A short story about family values, yearnings, flaws, and mistakes. In an alternate reality, I might have been Ava. It's a humbling thought.
Twenty-year-old Ava didn't plan to become pregnant. Men aren't even her preferred gender, and being a young mother and aspiring artist is so much harder than she ever could have imagined. She finds the strangest sympathetic ear in her older coworker, Ashcroft. It's hard to say if their mutual support outweighs their shared vices, but as they work together in Le Romantique flower shop, they are content to bide their time and see what the future holds.
Ava shifted, uncomfortably. It was rare for them to talk this seriously. “You want to hear something wild, Ash?”
“I always wanted to be a Mom. Even when I realized, when I was a kid, that I liked girls way better than boys. It broke my heart that I wanted this sort of old-fashioned nuclear family type thing, but I wanted it with a woman—and I didn’t know if that could work.
“That’s why I went for it when Mike and I had our little accident and he said he wanted to keep it. I think I knew he wouldn’t stick around, and I don’t think I really wanted him to. But I sure wanted that little baby.” She smiled to herself and took out her phone. “Look what I got in my email.” She scrolled through pictures of a café-au-lait child with bright, naughty eyes and golden corkscrew curls. Ashcroft’s grandmotherly side made him “ooh” and “aaw” involuntarily at each heart-melting image.
“I want to do right by her. I really do. I just…have to feed the demons sometimes.”
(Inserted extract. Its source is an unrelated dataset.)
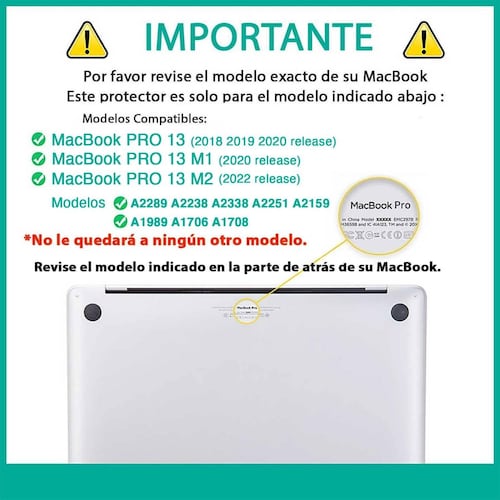 Funda TEKKU ST para MacBook PRO 13 M1 M2 Azul uso rudo A2289 A2251 A2159 A1989 A1706 A1708 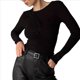thumbnail image 3 of Camiseta Asimétrica de Larga con Cuello en V y Frontal para Mujer Negro M, 3 of 9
Ashcroft gave her a crooked smile. “I truly understand that.”
“I feel like a selfish piece of crap. I thought I could have it all ways, you know? Be a famous artist…be the next Basquiat…”
“Oh, is that why the dreadlocks?”
Ava looked sheepish. “Too obvious?”
“A bit. But do go on.”
“So I just thought, you know, I’d be this twenty year old supermom, right? Working and Momming and going to school—just like my Mom did with me. ‘Cause that’s what they’re always telling us we’re supposed to do, isn’t it?”
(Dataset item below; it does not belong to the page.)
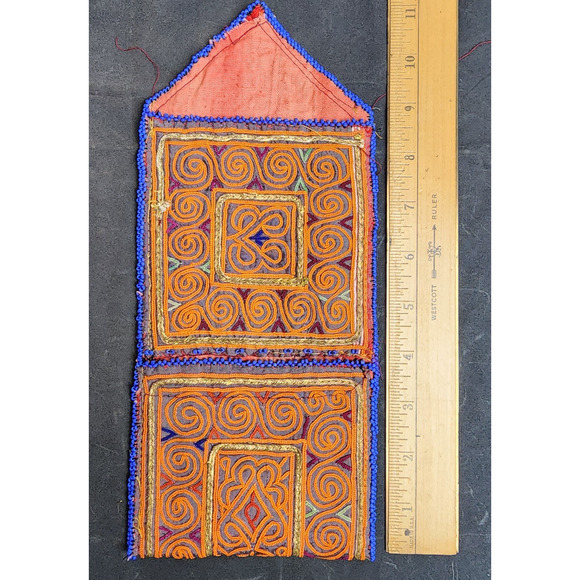 Kuchi Embroidered Pouch Wallet Central Asian Handmade Beaded Orange Swirls - Picture 2 of 6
“‘They’ they. The big ‘They.’ Women aren’t supposed to give up their careers, they say, we’re supposed to be strong and independent, and brilliant Moms, too, even if we only see our kids, like, an hour a day. So even though I felt like I could have stayed home and nursed that little baby forever…well, I started to get worried. I thought I should get back to my old life.”
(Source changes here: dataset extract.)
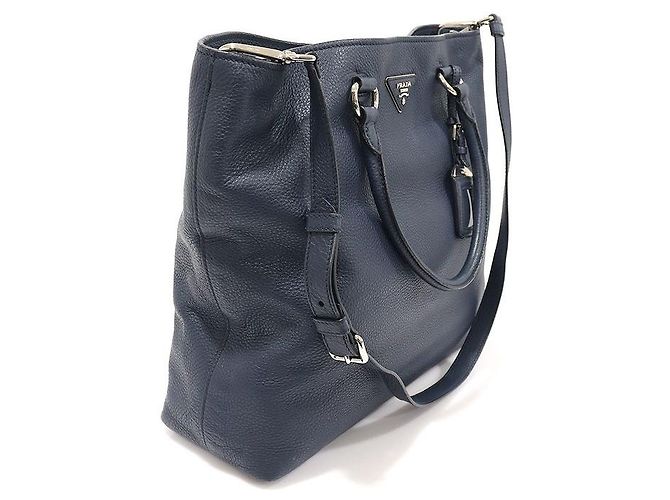 Prada Bolsa triangular em vitello daino navy com hardware prateado Azul - vista 2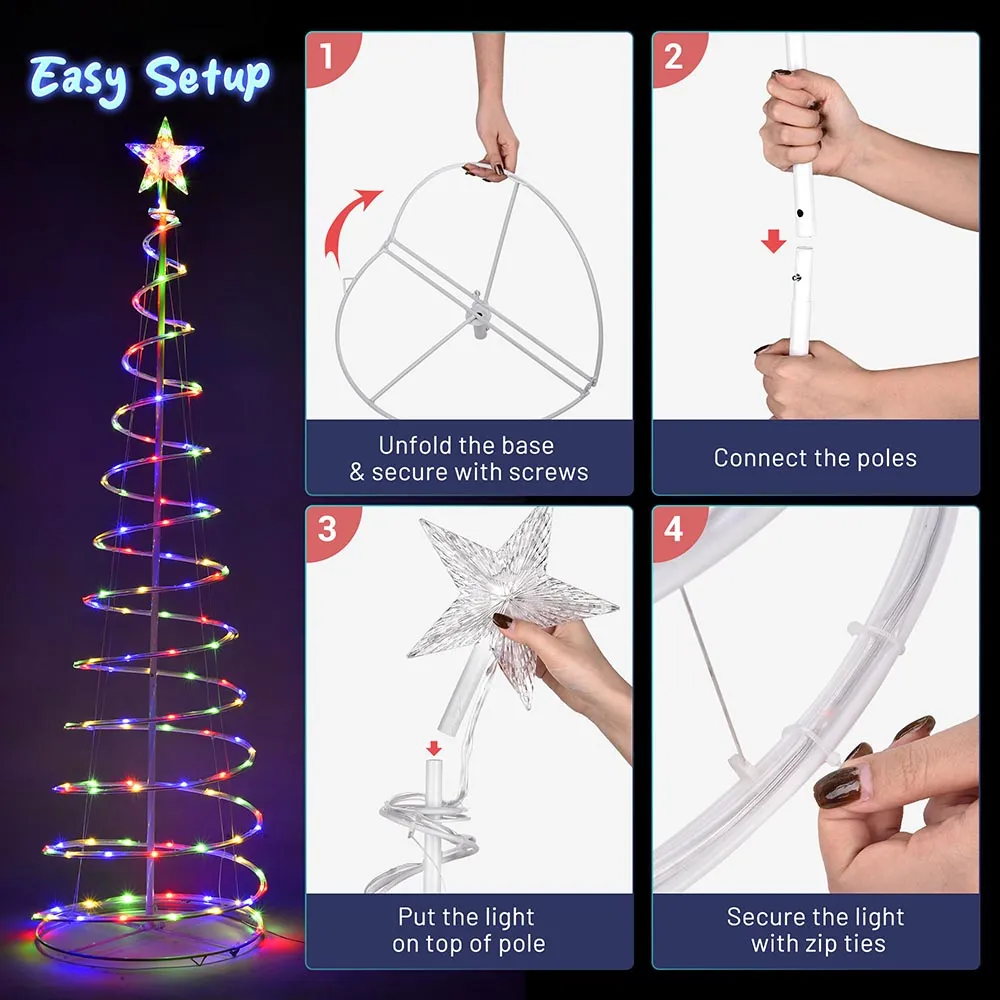 6' LED Spiral Xmas Tree USB Powered Outdoor/Indoor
“There’s that ‘should’ again.”
“Yeah. ‘Should.’ I got worried, then I got restless, then I got stupid, and then I got busted, and kicked out, and I missed her first steps when she turned one, and then…that’s when I…” She gestured helplessly, palms up. “I just figured she’d be better off without me. That I’d been given this enormous gift and screwed it all up royally, and that I was the one who should pay the price, not her. Never her.”